= Gunnar Bondevik =

Norwegian priest

Gunnar Bondevik (19 February 1902 – 1987) was a Norwegian priest.

==Personal life==
He was born in Sogndal Municipality as a son of teacher Nils Bondevik (1874–1961) and Kari Hauge (1867–1958). He was a brother of Ottar Bondevik and Borghild Bondevik Haga, first cousin of Kjell and Johannes Bondevik, and through that part of the family a first cousin once removed of Odd and Kjell Magne Bondevik.
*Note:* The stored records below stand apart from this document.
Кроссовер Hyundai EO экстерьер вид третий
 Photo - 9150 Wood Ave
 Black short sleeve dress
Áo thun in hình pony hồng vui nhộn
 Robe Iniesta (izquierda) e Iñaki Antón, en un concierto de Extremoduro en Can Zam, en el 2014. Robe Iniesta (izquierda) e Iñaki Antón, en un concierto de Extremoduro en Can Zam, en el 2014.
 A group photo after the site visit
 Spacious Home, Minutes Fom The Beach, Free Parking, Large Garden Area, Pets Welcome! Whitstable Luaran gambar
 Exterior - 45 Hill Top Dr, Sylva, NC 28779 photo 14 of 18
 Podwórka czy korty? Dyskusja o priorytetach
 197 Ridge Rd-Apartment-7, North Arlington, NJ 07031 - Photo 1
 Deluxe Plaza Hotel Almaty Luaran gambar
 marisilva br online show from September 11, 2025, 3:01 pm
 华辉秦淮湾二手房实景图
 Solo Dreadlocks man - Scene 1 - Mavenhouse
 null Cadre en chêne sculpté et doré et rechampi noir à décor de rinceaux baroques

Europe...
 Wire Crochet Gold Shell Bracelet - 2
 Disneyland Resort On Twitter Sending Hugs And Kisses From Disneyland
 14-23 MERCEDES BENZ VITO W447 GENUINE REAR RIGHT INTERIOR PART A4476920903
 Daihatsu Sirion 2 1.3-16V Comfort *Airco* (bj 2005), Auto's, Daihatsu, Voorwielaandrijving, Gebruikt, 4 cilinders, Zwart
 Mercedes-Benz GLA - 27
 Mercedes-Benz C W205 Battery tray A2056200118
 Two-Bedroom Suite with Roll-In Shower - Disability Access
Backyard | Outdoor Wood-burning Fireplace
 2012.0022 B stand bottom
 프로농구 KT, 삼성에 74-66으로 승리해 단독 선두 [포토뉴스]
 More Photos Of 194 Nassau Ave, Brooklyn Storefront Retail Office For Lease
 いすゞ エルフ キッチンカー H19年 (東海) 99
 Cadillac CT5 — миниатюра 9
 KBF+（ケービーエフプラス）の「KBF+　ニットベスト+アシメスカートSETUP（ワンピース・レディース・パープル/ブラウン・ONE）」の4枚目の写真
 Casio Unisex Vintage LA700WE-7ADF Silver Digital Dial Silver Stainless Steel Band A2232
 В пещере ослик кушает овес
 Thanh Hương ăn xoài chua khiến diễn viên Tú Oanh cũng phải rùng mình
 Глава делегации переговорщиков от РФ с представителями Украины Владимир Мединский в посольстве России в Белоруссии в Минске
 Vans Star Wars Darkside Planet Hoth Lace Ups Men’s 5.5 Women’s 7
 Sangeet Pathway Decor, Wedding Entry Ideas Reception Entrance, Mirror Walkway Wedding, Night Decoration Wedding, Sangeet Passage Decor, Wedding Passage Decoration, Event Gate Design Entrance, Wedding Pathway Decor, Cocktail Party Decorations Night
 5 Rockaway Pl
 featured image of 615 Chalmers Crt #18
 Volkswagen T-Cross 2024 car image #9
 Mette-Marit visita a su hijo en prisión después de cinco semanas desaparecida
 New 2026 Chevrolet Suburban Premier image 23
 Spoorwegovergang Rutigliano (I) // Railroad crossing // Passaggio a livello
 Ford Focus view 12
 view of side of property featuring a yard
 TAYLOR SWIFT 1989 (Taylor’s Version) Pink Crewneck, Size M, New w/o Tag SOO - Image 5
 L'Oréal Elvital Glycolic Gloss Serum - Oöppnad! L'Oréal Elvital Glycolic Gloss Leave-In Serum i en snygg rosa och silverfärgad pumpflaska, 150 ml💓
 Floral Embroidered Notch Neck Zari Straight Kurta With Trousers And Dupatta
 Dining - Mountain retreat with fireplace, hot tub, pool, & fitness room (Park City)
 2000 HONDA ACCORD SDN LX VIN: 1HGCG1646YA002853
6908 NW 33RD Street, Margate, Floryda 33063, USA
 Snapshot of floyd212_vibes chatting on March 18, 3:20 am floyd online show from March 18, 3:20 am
In 1928 he married Maine Cröger Tschudi. Through her he was a brother-in-law of theologian Stephan Tschudi. His wife was also a first cousin of Stephan Tschudi-Madsen, Sr. Gunnar and Maine's son Halfdan Tschudi Bondevik also had high positions in the church.

==Career==
He finished his secondary education in 1922 and took the cand. theol. degree at the University of Oslo in 1927. In the following year he finished the practical-theological seminary. His first post was as vicar of Jølster Municipality in 1928. He got the same position in Lom Municipality in 1936 before being appointed as dean of Nord-Gudbrandsdal in 1938.

He then lived in Oslo as a secretary in the city's Inner Mission from 1946 and vicar of Ullern Church from 1952 to 1965. From 1952 to 1958 he chaired the Norwegian Christian Youth Association (YMCA). He was also a national board member of the Norwegian Association of Clergy. In 1965 he was appointed as vicar of Lillehammer Church and dean of Sør-Gudbrandsdal. He retired in 1972 and moved back to Oslo. He died in 1987.